Benché questa serie non abbia una meravigliosa fotografia — cosa che invece salva "Alias Grace" per un pelo — la produzione fa un ottimo lavoro nell’immergerci nella New York del 1890 e rotti. I costumi come anche le ambientazioni contribuiscono a dare uno spaccato della grande mela dell’epoca, aprendo una finestra sullo squallore e le misere condizioni di vita degli immigrati indigenti, sulla corruzione dilagante tra le forze dell’ordine che erano persino disposte a chiudere un occhio sui locali che facevano “lavorare” ragazzini nella prostituzione, esponendoli a qualsiasi genere di pericolo e mettendoli alla mercè di pedofili, su come le più alte classi sociali muovessero le fila persino dei tutori della legge.
La trama, per quanto non abbia particolari guizzi creativi, getta fumo negli occhi con sapienza, come qualsiasi storia del genere dovrebbe, e tiene salda fino alla sua naturale conclusione.
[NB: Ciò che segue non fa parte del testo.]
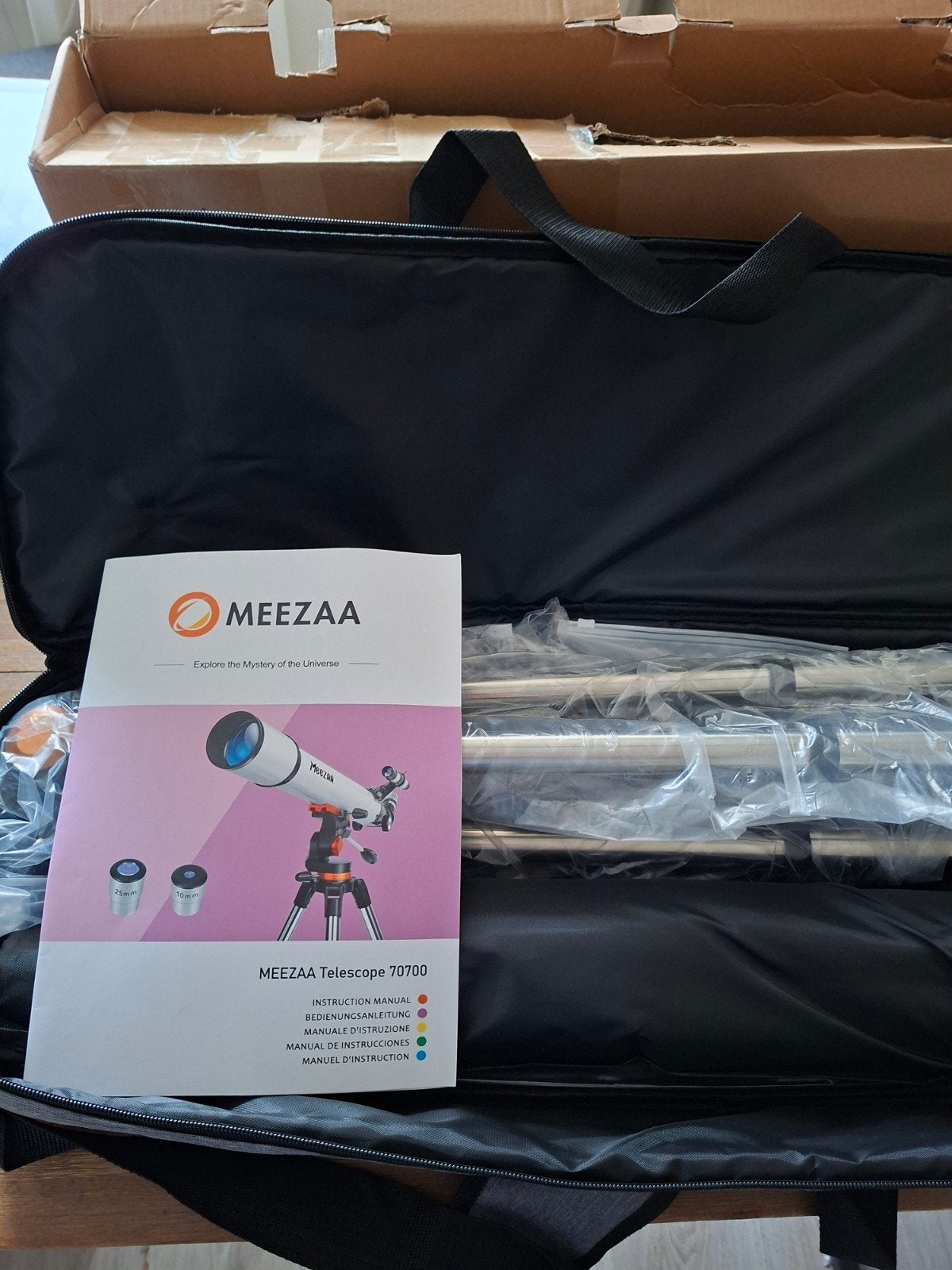 MEEZAA Telescoop 70700 - Nieuw in doos, Audio, Tv en Foto, Optische apparatuur | Telescopen, Lenzentelescoop (refractor), 80 tot 200 mm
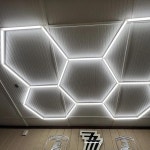 차고 육각 LED 조명, 자동차 디테일링 벌집 천장 램프, 뷰티 스테이션용 : 천월종합유통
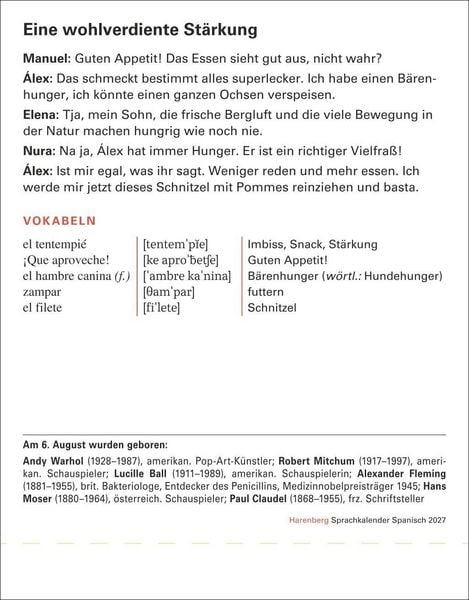 Produktbild: Spanisch Sprachkalender 2027 - Spanisch lernen leicht gemacht - Tagesabrei&szlig;kalender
A differenza di "Alias Grace" la risoluzione del mistero non avviene ex-machina, ogni dettaglio viene svelato dai protagonisti con fatica e sudore. L’audience può a buon diritto sentirsi parte del gruppo investigativo, dal momento che a tentoni e da pressoché profani delle tecniche di profilazione dell’assassino i protagonisti provano a perseguire il colpevole. E se è vero che l’episodio conclusivo risponde in pieno al quesito chi? forse non dà motivazioni a sufficienza sul perché?
In ultimo mi trovo a dover menzionare necessariamente il lavoro di design della sigla introduttiva, che visivamente, in un colpo solo, allude con la decostruzione sia al fatto che la storia è ambientata indietro nel tempo, sia all’analisi punto per punto del pensiero del killer. La musica scelta lascia presagire il tono e la tensione che puntata dopo puntata la serie sembra regalare al pubblico con successo.
“L'Alienista” è in streaming su Netflix a partire dal 19 aprile.